Schwieriger ist es bei den baulichen Veränderungen: In den Zimmern wurde aus Sicherheitsgründen die Stromversorgung gedrosselt und zum Beispiel Herdplatten ausgebaut. In den nächsten sechs Wochen werden diese Änderungen rückgängig gemacht, denn ab September sollen vorerst wieder 70 bis 80 Studenten dort wohnen können. Insgesamt sollen in dem Wohnheim später 300 bis 400 Studenten unterkommen.

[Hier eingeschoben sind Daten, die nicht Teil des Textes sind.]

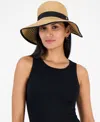 Giani Bernini Adjustable Downbrim Framer Hat, Exclusively At Macy's In Lt,pas Bwn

Hochschulname: Nicht mehr so sperrig, bitte

Seit dem 9. Mai 2015 ist die Fachhochschule mit der Akademie für öffentliche Verwaltung des Freistaates Sachsen (AVS) fusioniert. Diese bietet Fortbildungen für alle Bereiche der Verwaltung an und lockt weitere Leute aus dem ganzen Land nach Meißen. Die dürften eine ganze Weile brauchen, um sich den sperrigen Hochschulenamen zu merken: Fachhochschule für öffentliche Verwaltung und Rechtspflege Meißen, Fortbildungszentrum des Freistaates Sachsen. Oder „kurz“: FHSV-FoBiZ. Rektor Nolden hätte gerne einen eingängigeren Namen: „Wir plädieren für Hochschule Meißen.“ Das entspräche den Namen für andere Hochschulen im Land – und würde auch wieder in die Absenderfahne passen.